4 – De natureza as pessoas não buscam a Deus. São maus os seus pensamentos, caminhos e atitudes.

5 – Deus abriu um novo caminho. Nele tudo é possível para aqueles que buscam nele respostas para as suas dúvidas.

V – Subsídios litúrgicos

1. Intróito: Diz Jesus Cristo: Não acumuleis para vós outros tesouros sobre a terra, onde a traça e a ferrugem corroem e onde ladrões escavam e rou¬bam.

2. Confissão de pecados: Todo-poderoso Deus! Estamos diante de Ti como pessoas culpadas. Pois é grande a tentação de juntarmos riquezas neste mundo e depositarmos nelas a nossa confiança. Perdoa-nos pelo sangue de Jesus. Ajuda-nos a nos desprendermos destas riquezas, usando-as em benefício dos mais necessitados. Somente assim poderemos buscar a ti de todo o coração. Por Jesus Cristo, nosso Senhor e Salvador. Amém.

3. Leitura bíblica: Filipenses 2.5-11.

4. Oração de coleta: Eterno Deus! Somos gratos por esta oportunidade que tu nos dás de estarmos reunidos em comunidade. Agradecemos-te por que tu queres falar conosco neste encontro. Abre nossas mentes para aceitar o desafio que lanças diante de nós. Por Jesus Cristo, nosso Senhor. Amém.

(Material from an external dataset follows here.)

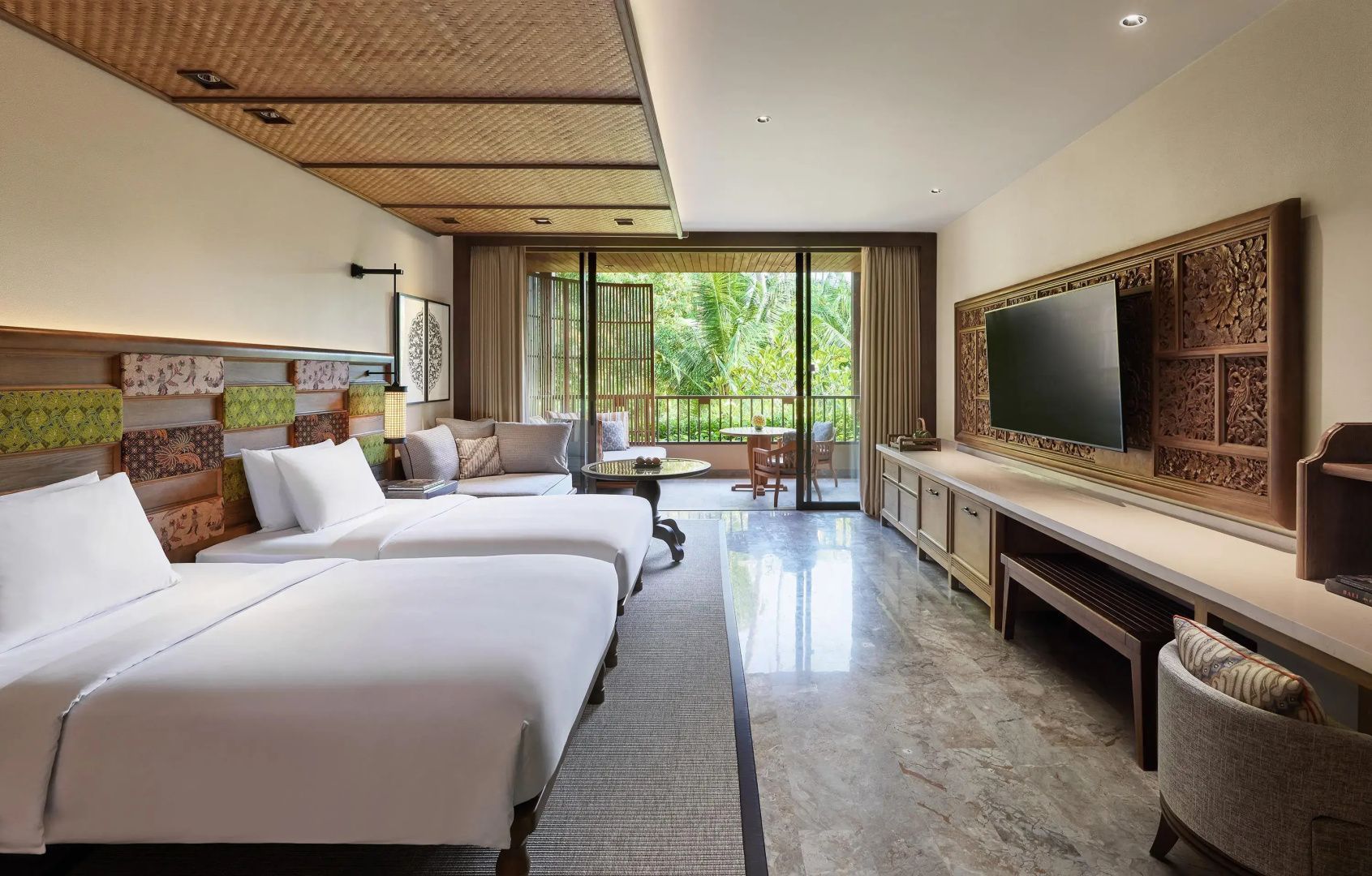 Geräumiges Hotelzimmer mit zwei Betten, Fernseher und Balkon im Grünen.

5. Oração final: Deus e Pai! Louvamos e glorificamos a ti, pois tu tens palavras acertadas para a nossa vida. Novamente recebemos a tua mensagem que nos desafia. Ajuda-nos para que definitivamente possamos seguir-te. Mas este seguir exige de nós sacrifícios materiais. Exige que nos desprendamos das falsas seguranças, das riquezas, que tanto nos prendem. Pois quando isto fizermos, estaremos ajudando outros e haverá mais paz e justiça entre nós.
– Interceder pelas famílias, pela cidade, pelo estado, pelo país e suas autoridades para que abandonem suas falsas seguranças e saibam distribuir com os que não têm. Que vivam com menos e dependentes de Deus.

VI – Bibliografia

– BAILER, A. Meditação sobre Mc 10.17-27. In: Neue Calwer Predigthilfen. v. B. Série do 39 ano. Stuttgart, 1981.
– OBENDICK, H. Meditação sobre Mc 10.17-27. In: EICHHOLZ, G. ed. Herr tue meine Lippen auf. v. 3. 4. ed. Wuppertal-Barmen, 1962.
– SCHÄEFFER, D. Meditação sobre Mt 19.16-26. In: Proclamar Libertação, v. 2. São Leopoldo, 1977.
– SCHNIEWIND, J. Das Evangelium nach Markus. In: Das Neue Testament Deutsch. v. 1. 7. ed. Göttingen, 1956.
– SCHWINDT, J. Meditação sobre Lc 18.18-30. In: Proclamar Libertação, v. 6. São Leopoldo, 1980.
– VOIGT, G. Meditação sobre Mc 10.17-27. In:___. Die geliebte Welt. Göttingen, 1980.